Я слышал – не слышал, понимал ли, не знаю. У меня дед был кабатчик. Самый настоящий кабатчик, деревенский кулак. Дед во мне проснулся, высунулся из меня, и, уже не помня себя, я заорал, как мужик, заорал, корчась от боли и гнева:

– К дьяволу! Я тебе не любовник, не любовник? Да кто же я тебе, наконец? Не муж, не любовник, не брат, не товарищ, – товарищ! Кто же? Тряпка грязная! На кой черт я тебе нужен? А не нужен, так говори! Будешь ты отвечать, проклятая?

Вырывая руки, за которые она еще держалась, я толкнул ее. Без слова, она поспешно выбежала вон. Я кинулся за ней. Но у дверей остановился. Опомнился. Не сразу, медленно-медленно остывало у меня внутри, слабела какая-то струна, только дышать было трудно: вот она, знакомая, тяжелая и мягкая подушка, тихая, из-под нее не уйдешь; тихо слепни, глохни, тихо мертвей; не бунтуй – бесполезно.

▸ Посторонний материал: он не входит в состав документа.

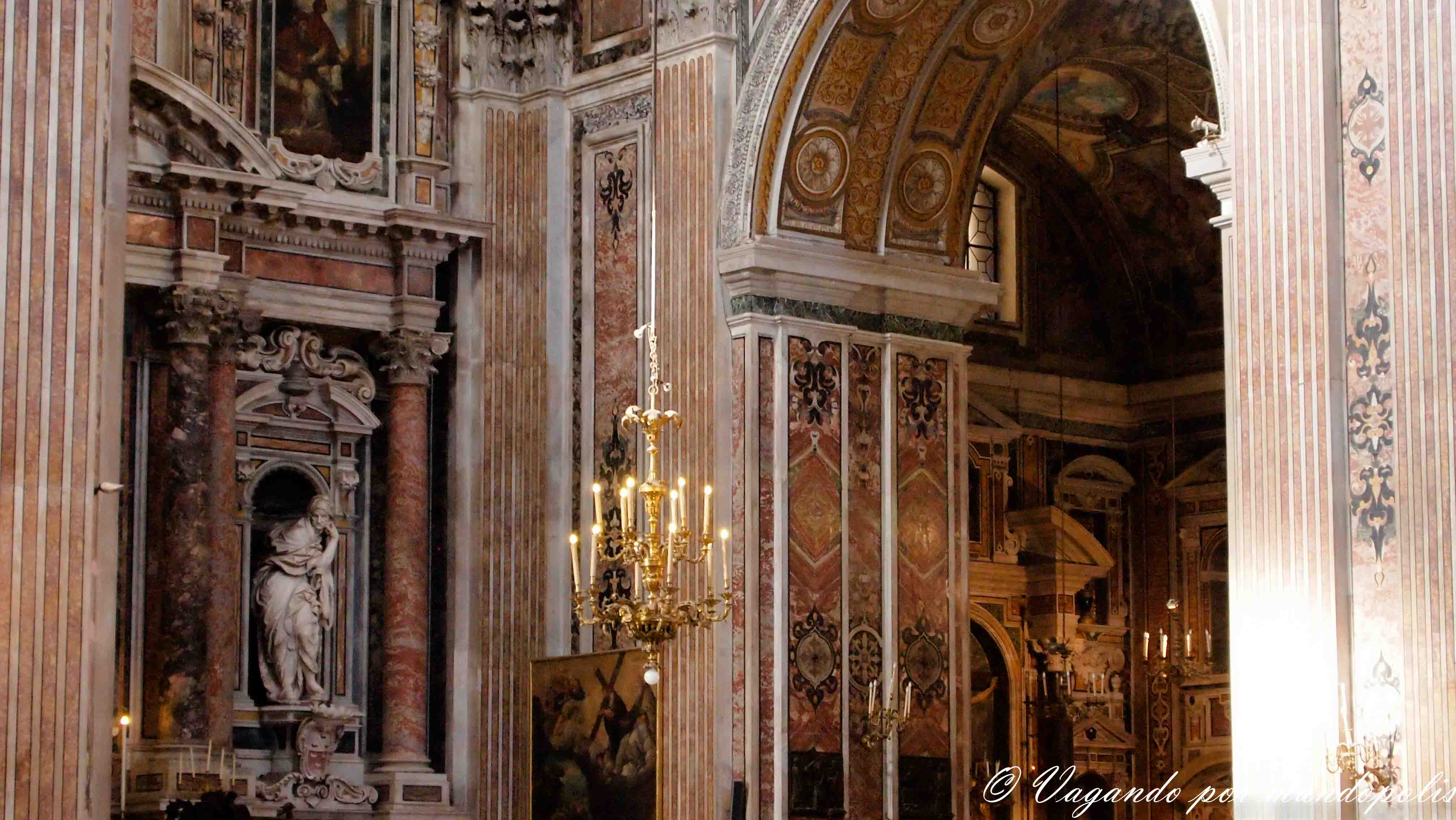 napoles-que-ver-iglesia-gesu-novo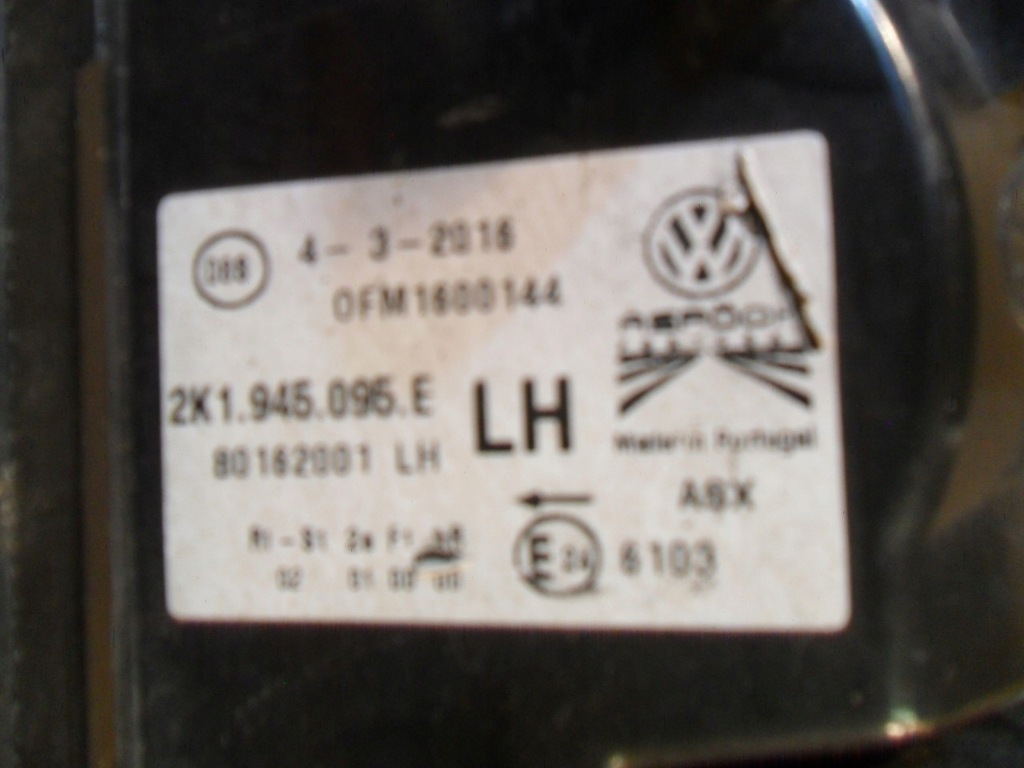 фото №16, Vw caddy iii 2k1.945.096 eu - лампа задня права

Не мыслями, а одним представлением подумал я в эту краткую минуту у дверей, подумал о том, как ничего не случилось, как она спокойно переедет ко мне на Васильевский остров, какая будет все та же у нас жизнь: у меня – мертвеющая от нее, у нее – с «отдыхами» от меня, и опять Наташа, и опять всё, всё… Это она, Лида, и омертвила мою жизнь… Нет, не она, а любовь наша… Любовь? Не знаю… Не чувствую ничего. Только бессловесность. Только удушье…

И вдруг тут же словно из-за угла, нелепо, жалобно выскочила совсем другая мысль: а может, еще ничего? Может, все хорошо, все еще уляжется, обойдется… Наташу, может, и вправду в институт отдать, а? Тогда Лида…

До сих пор не понимаю, как это все успел я продумать и прочувствовать в краткую минуту, пока Лида не вернулась.